# Raw data
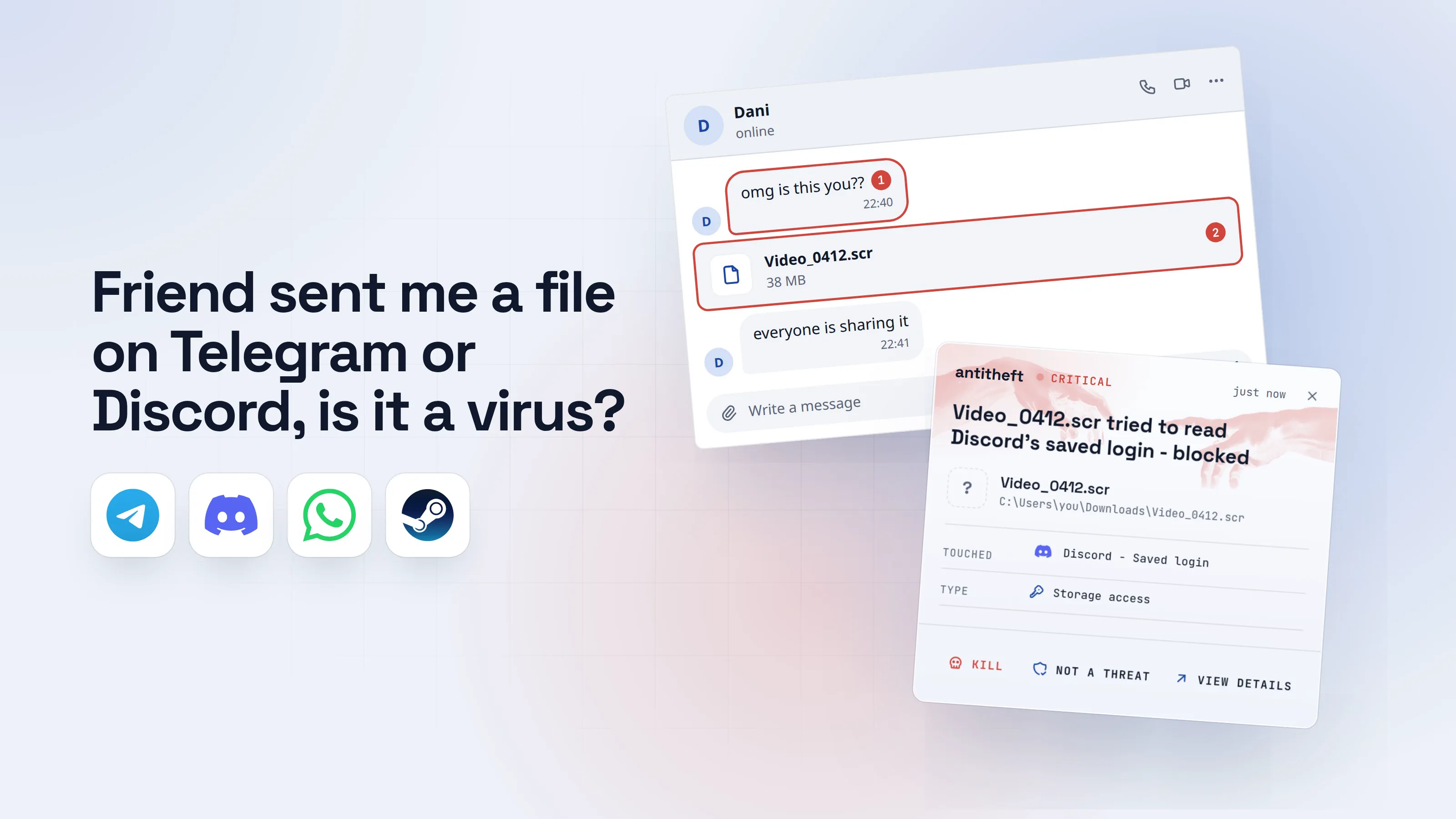Illustration for Friend sent me a file on Telegram or Discord, is it a virus?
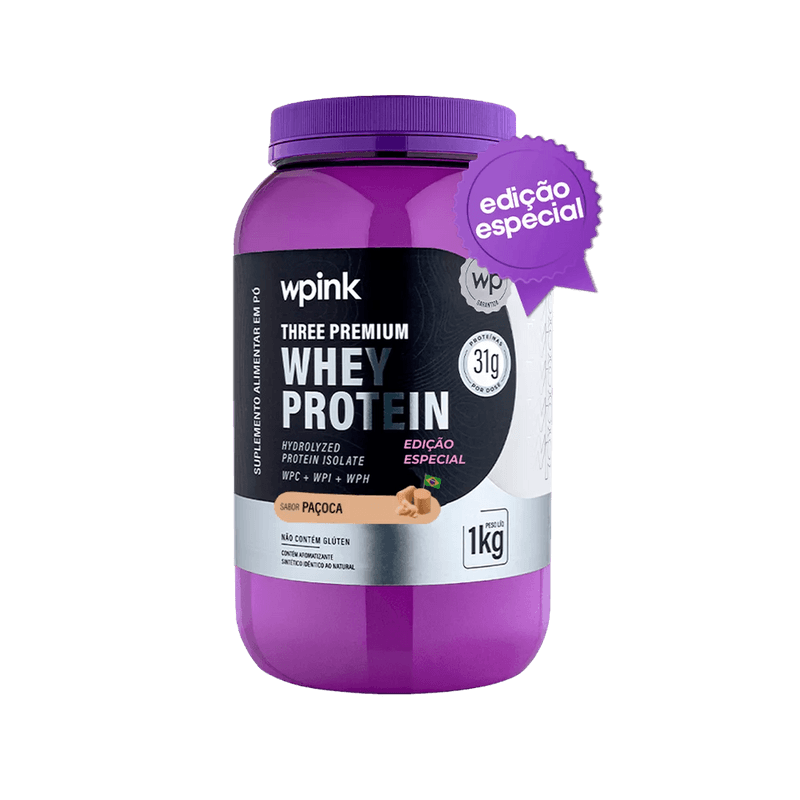 Three Premium Whey Protein Paçoca 3W - (1kg)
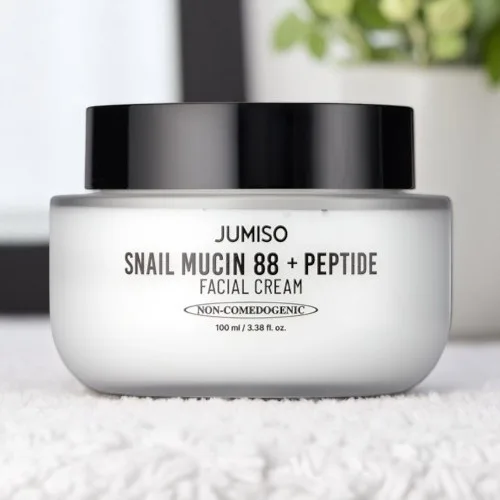 JUMISO - Snail Mucin 88 + Peptide Facial Cream - Nekomedogenní, regenerační krém na obličej se šnečím mucinem - 100 ml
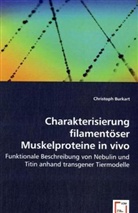 Christoph Burkart - Charakterisierung filamentöser Muskelproteine in vivo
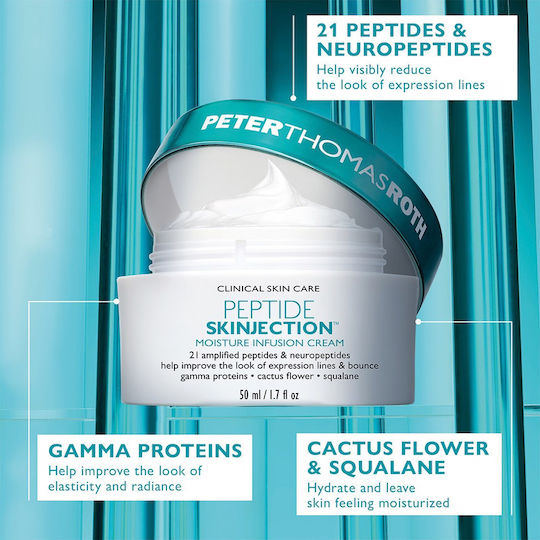 Peter Thomas Roth Peptide Skinjection Moisture Infusion Cream Refillable 50 Ml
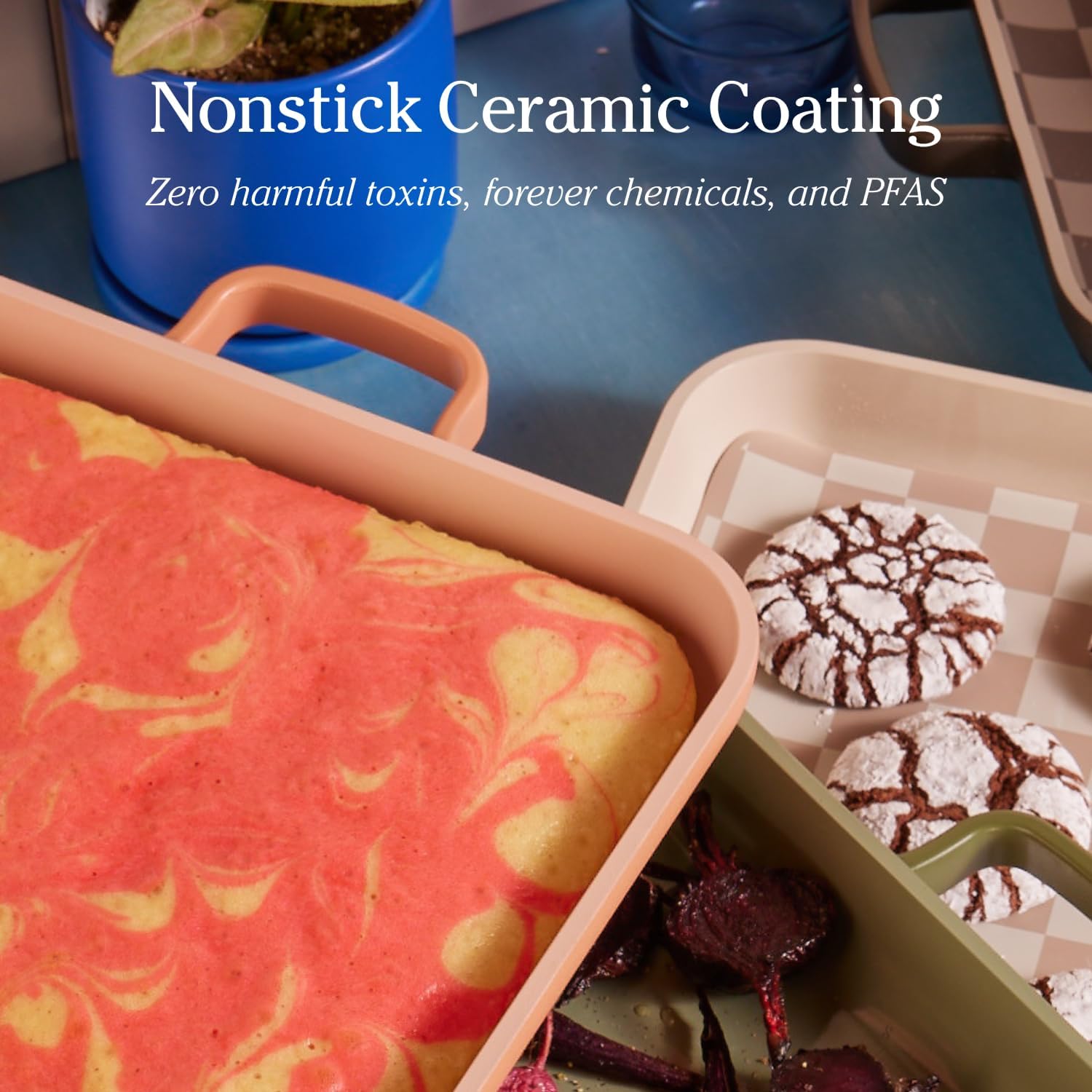 Our Place Griddle Pan - Versatile Nonstick Ceramic Sheet Pan & Stovetop Griddle | Toxin-Free, Ergonomic Handles | 5 Qt Capacity, Oven Safe to 450°F | Char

# What is needed
Copy out the records above in full, exactly as written, but not the pictures.

# Answer
Illustration for Friend sent me a file on Telegram or Discord, is it a virus?
 Three Premium Whey Protein Paçoca 3W - (1kg)
 JUMISO - Snail Mucin 88 + Peptide Facial Cream - Nekomedogenní, regenerační krém na obličej se šnečím mucinem - 100 ml
 Christoph Burkart - Charakterisierung filamentöser Muskelproteine in vivo
 Peter Thomas Roth Peptide Skinjection Moisture Infusion Cream Refillable 50 Ml
 Our Place Griddle Pan - Versatile Nonstick Ceramic Sheet Pan & Stovetop Griddle | Toxin-Free, Ergonomic Handles | 5 Qt Capacity, Oven Safe to 450°F | Char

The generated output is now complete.